Stored dataset items
..........

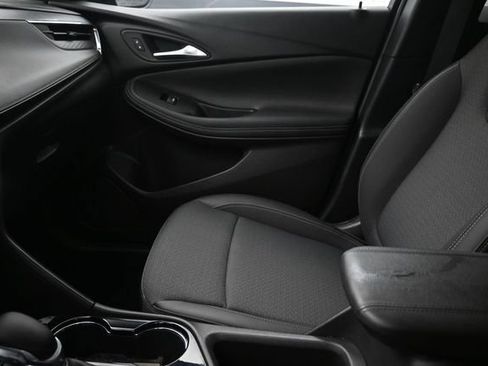 Used 2025 Buick Encore GX Preferred FWD image 13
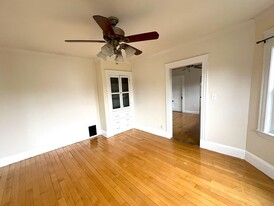 5 Day St, Unit #2 in Melrose, MA - Building Photo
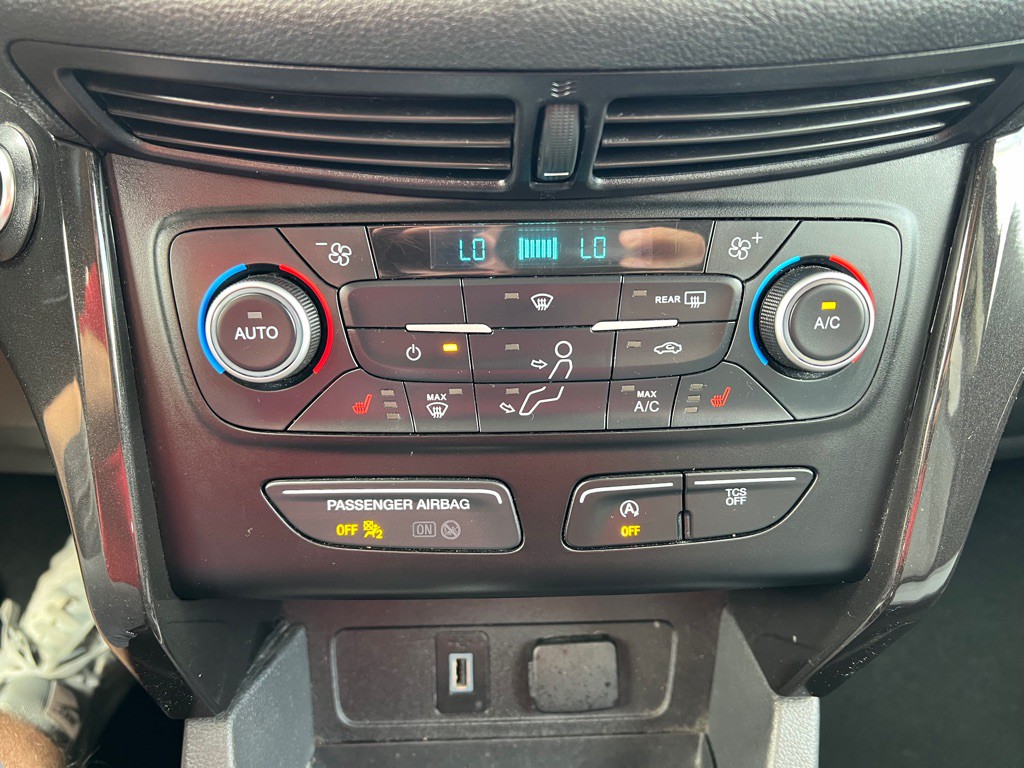 2019 Ford Escape Image 25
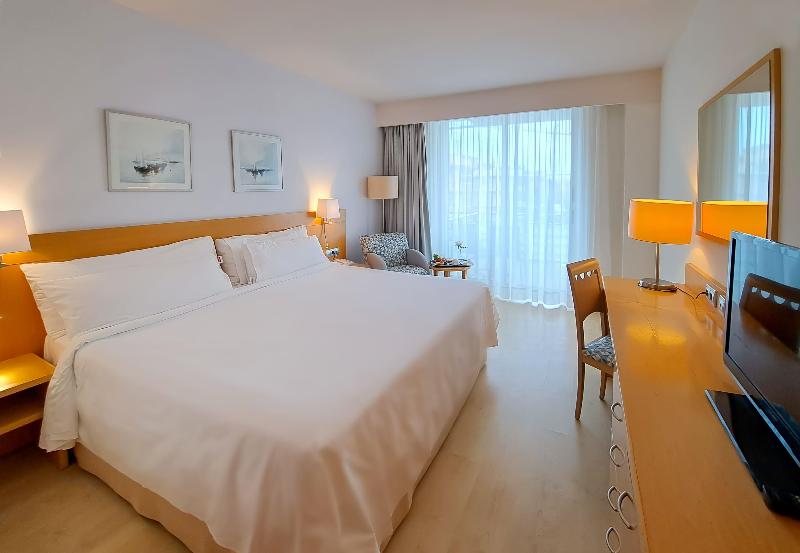 Sol Port Cambrils Hotel image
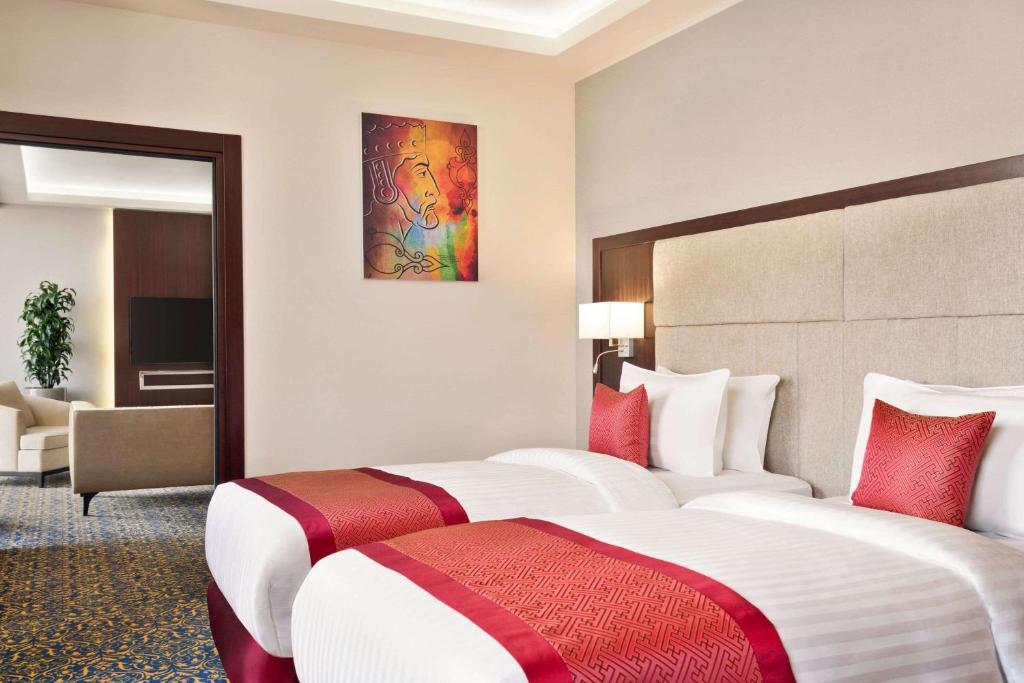 Postel nebo postele na pokoji v ubytování Ramada Hotel & Suites by Wyndham Yerevan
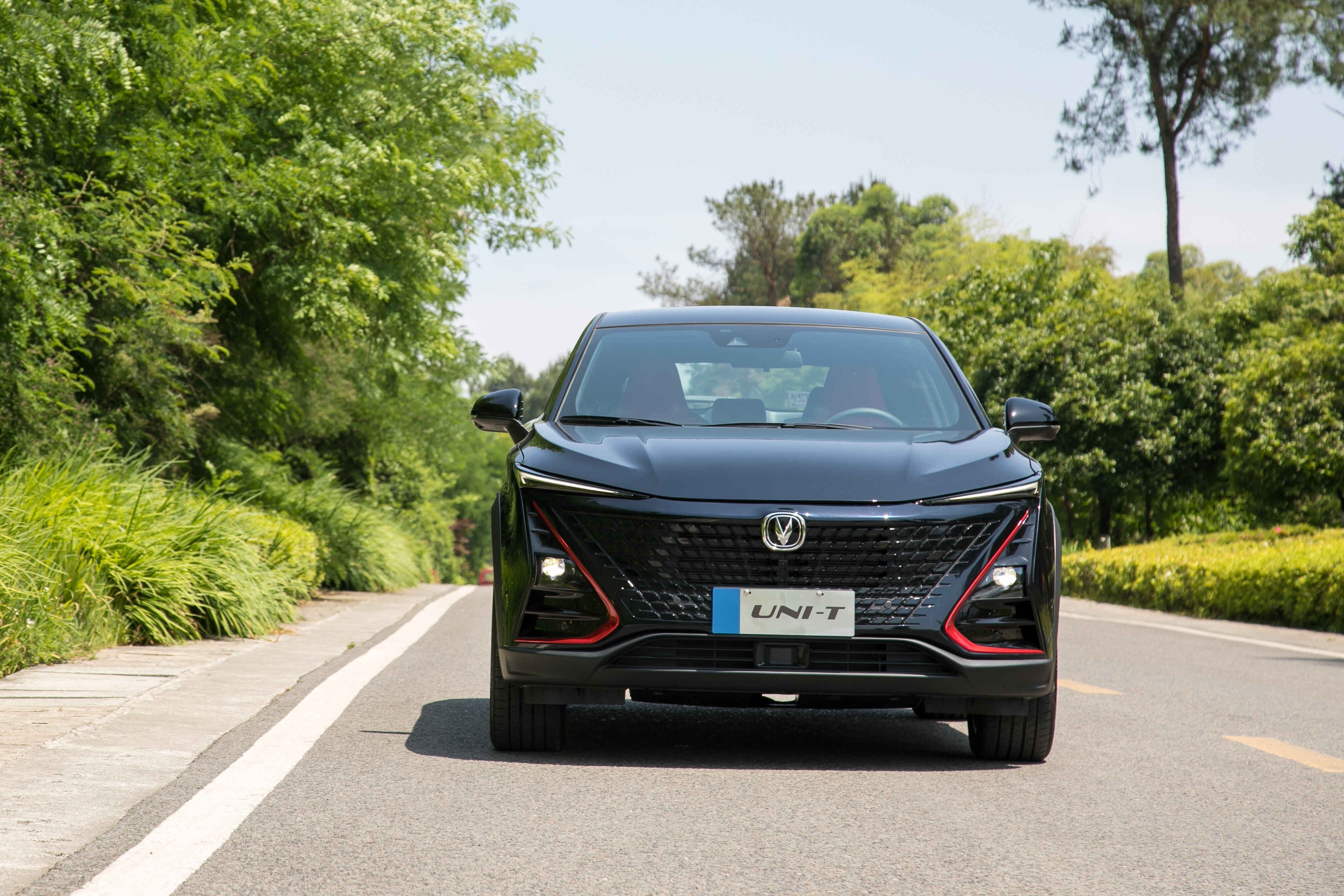 当颜值与实力并存 中国品牌个性化紧凑型SUV 试驾长安UNI-T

..........

→ **EXERCISE GOAL**
Leave out the pictures and output every record above precisely as given.

→ **YOUR RESPONSE**
 Used 2025 Buick Encore GX Preferred FWD image 13
 5 Day St, Unit #2 in Melrose, MA - Building Photo
 2019 Ford Escape Image 25
 Sol Port Cambrils Hotel image
 Postel nebo postele na pokoji v ubytování Ramada Hotel & Suites by Wyndham Yerevan
 当颜值与实力并存 中国品牌个性化紧凑型SUV 试驾长安UNI-T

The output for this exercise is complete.